There is enough strength for both defensive and offensive battles against the the junta's army, which is the junta's mechanism to demolish the principle of Federalism upon which the Union Of Burma was formed by.

Amidst violation of political means, war is just.

Fortuner Wrote:
01/11/2010
I very much agree and since long ago have been waiting to see the ethincs groups work together to fight the SPDC.

Khurtai Kornkhaw Wrote:
01/11/2010
The situation now is that the cease-fire armies and resistance armies are without a clue on how to formulate a grand strategy for their survival and to deliver the peoples' aspirations, within their respective territory of influence or control areas.

The problem is that the non-Burman armed groups are at most only reactive and have never strived to become proactive.

It is alright that once the first shot is fired by the junta's troop, all possible war fronts would open and the junta would have to defend its positions in all directions.

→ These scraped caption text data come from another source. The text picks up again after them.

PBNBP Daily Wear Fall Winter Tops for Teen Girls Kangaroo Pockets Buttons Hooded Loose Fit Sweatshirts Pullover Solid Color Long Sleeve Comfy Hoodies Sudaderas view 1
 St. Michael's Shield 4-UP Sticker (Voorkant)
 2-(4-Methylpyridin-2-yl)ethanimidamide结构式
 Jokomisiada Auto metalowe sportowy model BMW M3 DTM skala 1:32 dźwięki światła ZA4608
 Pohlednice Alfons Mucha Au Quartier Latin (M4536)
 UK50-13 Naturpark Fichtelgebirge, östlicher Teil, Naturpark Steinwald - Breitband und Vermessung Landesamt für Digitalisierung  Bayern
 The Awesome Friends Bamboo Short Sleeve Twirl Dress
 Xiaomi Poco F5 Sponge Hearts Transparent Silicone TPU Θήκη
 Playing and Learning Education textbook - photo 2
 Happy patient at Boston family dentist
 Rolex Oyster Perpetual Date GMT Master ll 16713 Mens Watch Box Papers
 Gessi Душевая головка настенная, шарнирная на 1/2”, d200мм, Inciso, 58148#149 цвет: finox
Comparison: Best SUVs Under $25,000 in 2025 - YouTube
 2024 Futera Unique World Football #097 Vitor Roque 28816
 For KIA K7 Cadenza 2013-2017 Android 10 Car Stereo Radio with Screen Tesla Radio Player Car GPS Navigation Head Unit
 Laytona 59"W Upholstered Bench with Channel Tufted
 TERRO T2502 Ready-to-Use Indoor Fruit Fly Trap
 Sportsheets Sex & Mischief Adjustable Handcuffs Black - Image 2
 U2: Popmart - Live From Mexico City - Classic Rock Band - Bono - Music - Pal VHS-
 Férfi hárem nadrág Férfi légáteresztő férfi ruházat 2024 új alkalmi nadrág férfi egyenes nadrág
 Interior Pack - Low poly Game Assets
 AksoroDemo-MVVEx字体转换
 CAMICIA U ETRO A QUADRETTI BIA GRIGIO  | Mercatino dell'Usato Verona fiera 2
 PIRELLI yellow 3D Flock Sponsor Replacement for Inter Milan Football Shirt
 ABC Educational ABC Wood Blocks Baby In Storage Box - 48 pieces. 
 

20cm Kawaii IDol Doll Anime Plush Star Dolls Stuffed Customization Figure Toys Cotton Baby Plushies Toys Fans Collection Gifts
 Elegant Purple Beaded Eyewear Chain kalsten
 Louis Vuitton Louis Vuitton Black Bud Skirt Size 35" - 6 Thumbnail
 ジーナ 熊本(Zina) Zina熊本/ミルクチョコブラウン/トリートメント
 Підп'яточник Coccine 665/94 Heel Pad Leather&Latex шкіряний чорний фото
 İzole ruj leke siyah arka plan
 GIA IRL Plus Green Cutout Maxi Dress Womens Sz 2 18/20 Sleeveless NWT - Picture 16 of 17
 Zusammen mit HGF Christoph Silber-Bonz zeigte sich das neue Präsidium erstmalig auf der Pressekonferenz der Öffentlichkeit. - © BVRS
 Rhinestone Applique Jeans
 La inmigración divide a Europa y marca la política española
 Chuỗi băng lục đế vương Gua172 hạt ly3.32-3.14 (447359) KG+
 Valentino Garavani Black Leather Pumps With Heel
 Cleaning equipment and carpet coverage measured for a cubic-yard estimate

And that an urban guerrilla Warfare would be introduced.

But these measures are in nature just reactive and besides, they still need to be translated into real implementation when the time comes.

A more proactive approach would be to agree upon a strategy among the non-Burman armed groups on how to weaken the junta's power base, e.g. as soliciting alliance with dissatisfied junta's commanders and soldiers, before and during an uprising when it occurs.